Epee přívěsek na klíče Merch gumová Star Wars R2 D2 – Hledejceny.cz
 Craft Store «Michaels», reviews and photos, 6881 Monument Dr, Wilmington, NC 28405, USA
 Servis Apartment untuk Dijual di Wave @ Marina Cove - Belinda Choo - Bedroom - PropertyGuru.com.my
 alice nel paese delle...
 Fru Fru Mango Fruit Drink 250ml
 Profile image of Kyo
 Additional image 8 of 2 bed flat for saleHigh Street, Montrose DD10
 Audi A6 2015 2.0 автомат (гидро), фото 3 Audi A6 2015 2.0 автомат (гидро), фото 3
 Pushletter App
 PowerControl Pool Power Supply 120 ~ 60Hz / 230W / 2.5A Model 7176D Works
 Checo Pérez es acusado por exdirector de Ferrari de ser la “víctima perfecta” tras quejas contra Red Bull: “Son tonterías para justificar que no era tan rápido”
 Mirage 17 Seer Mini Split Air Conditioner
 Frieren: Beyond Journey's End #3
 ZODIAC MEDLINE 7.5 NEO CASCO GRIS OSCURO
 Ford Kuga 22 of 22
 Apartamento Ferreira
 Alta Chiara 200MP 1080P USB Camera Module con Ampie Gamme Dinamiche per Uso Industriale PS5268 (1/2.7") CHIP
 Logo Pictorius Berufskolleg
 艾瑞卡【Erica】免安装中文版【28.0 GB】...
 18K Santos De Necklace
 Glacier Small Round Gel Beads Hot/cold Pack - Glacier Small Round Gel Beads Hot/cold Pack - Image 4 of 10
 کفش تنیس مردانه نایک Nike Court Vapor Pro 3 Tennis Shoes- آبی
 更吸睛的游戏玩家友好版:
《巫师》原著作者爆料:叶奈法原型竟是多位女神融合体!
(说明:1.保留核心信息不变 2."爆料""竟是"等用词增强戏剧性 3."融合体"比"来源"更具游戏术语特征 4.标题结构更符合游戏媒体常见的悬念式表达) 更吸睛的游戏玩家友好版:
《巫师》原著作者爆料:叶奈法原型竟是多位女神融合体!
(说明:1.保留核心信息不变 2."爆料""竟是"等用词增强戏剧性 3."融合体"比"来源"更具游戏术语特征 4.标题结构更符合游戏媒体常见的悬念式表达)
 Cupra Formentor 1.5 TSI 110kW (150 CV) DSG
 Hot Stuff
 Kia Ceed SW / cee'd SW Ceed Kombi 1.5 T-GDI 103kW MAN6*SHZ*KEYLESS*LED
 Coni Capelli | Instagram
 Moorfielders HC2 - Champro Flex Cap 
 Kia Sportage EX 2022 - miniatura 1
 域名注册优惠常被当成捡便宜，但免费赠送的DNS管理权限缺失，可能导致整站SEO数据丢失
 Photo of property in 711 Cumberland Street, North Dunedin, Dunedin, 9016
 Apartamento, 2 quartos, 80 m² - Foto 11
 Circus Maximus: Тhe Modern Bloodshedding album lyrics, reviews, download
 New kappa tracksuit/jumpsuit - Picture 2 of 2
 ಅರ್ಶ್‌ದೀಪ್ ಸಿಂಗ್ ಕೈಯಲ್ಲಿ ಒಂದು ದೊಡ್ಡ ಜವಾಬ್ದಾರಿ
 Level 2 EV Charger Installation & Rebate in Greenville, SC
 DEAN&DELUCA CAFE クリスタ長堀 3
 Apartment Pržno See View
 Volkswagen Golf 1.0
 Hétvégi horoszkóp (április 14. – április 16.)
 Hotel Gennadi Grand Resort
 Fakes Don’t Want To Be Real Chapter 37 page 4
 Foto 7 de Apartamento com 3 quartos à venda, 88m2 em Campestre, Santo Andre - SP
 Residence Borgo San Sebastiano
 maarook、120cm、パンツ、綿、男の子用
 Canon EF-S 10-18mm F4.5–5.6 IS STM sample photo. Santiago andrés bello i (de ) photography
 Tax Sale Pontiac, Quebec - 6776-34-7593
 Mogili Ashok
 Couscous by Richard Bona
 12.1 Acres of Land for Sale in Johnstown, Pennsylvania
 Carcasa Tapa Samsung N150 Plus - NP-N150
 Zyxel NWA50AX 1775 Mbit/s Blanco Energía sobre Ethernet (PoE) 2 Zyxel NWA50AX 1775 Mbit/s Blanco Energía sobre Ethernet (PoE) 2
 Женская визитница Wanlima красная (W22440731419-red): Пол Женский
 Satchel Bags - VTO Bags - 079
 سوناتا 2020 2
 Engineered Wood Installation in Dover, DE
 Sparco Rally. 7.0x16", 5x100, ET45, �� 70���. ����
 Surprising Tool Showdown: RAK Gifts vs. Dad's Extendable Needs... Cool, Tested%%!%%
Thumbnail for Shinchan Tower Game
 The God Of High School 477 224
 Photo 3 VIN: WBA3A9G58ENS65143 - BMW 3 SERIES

WHAT TO WORK ON » Produce the lines from the top of the listing through the "Circus Maximus: Тhe" line exactly as they appear, with no additional output.

RESPONSE TO THIS EXERCISE »
Epee přívěsek na klíče Merch gumová Star Wars R2 D2 – Hledejceny.cz
 Craft Store «Michaels», reviews and photos, 6881 Monument Dr, Wilmington, NC 28405, USA
 Servis Apartment untuk Dijual di Wave @ Marina Cove - Belinda Choo - Bedroom - PropertyGuru.com.my
 alice nel paese delle...
 Fru Fru Mango Fruit Drink 250ml
 Profile image of Kyo
 Additional image 8 of 2 bed flat for saleHigh Street, Montrose DD10
 Audi A6 2015 2.0 автомат (гидро), фото 3 Audi A6 2015 2.0 автомат (гидро), фото 3
 Pushletter App
 PowerControl Pool Power Supply 120 ~ 60Hz / 230W / 2.5A Model 7176D Works
 Checo Pérez es acusado por exdirector de Ferrari de ser la “víctima perfecta” tras quejas contra Red Bull: “Son tonterías para justificar que no era tan rápido”
 Mirage 17 Seer Mini Split Air Conditioner
 Frieren: Beyond Journey's End #3
 ZODIAC MEDLINE 7.5 NEO CASCO GRIS OSCURO
 Ford Kuga 22 of 22
 Apartamento Ferreira
 Alta Chiara 200MP 1080P USB Camera Module con Ampie Gamme Dinamiche per Uso Industriale PS5268 (1/2.7") CHIP
 Logo Pictorius Berufskolleg
 艾瑞卡【Erica】免安装中文版【28.0 GB】...
 18K Santos De Necklace
 Glacier Small Round Gel Beads Hot/cold Pack - Glacier Small Round Gel Beads Hot/cold Pack - Image 4 of 10
 کفش تنیس مردانه نایک Nike Court Vapor Pro 3 Tennis Shoes- آبی
 更吸睛的游戏玩家友好版:
《巫师》原著作者爆料:叶奈法原型竟是多位女神融合体!
(说明:1.保留核心信息不变 2."爆料""竟是"等用词增强戏剧性 3."融合体"比"来源"更具游戏术语特征 4.标题结构更符合游戏媒体常见的悬念式表达) 更吸睛的游戏玩家友好版:
《巫师》原著作者爆料:叶奈法原型竟是多位女神融合体!
(说明:1.保留核心信息不变 2."爆料""竟是"等用词增强戏剧性 3."融合体"比"来源"更具游戏术语特征 4.标题结构更符合游戏媒体常见的悬念式表达)
 Cupra Formentor 1.5 TSI 110kW (150 CV) DSG
 Hot Stuff
 Kia Ceed SW / cee'd SW Ceed Kombi 1.5 T-GDI 103kW MAN6*SHZ*KEYLESS*LED
 Coni Capelli | Instagram
 Moorfielders HC2 - Champro Flex Cap 
 Kia Sportage EX 2022 - miniatura 1
 域名注册优惠常被当成捡便宜，但免费赠送的DNS管理权限缺失，可能导致整站SEO数据丢失
 Photo of property in 711 Cumberland Street, North Dunedin, Dunedin, 9016
 Apartamento, 2 quartos, 80 m² - Foto 11
 Circus Maximus: Тhe Modern Bloodshedding album lyrics, reviews, download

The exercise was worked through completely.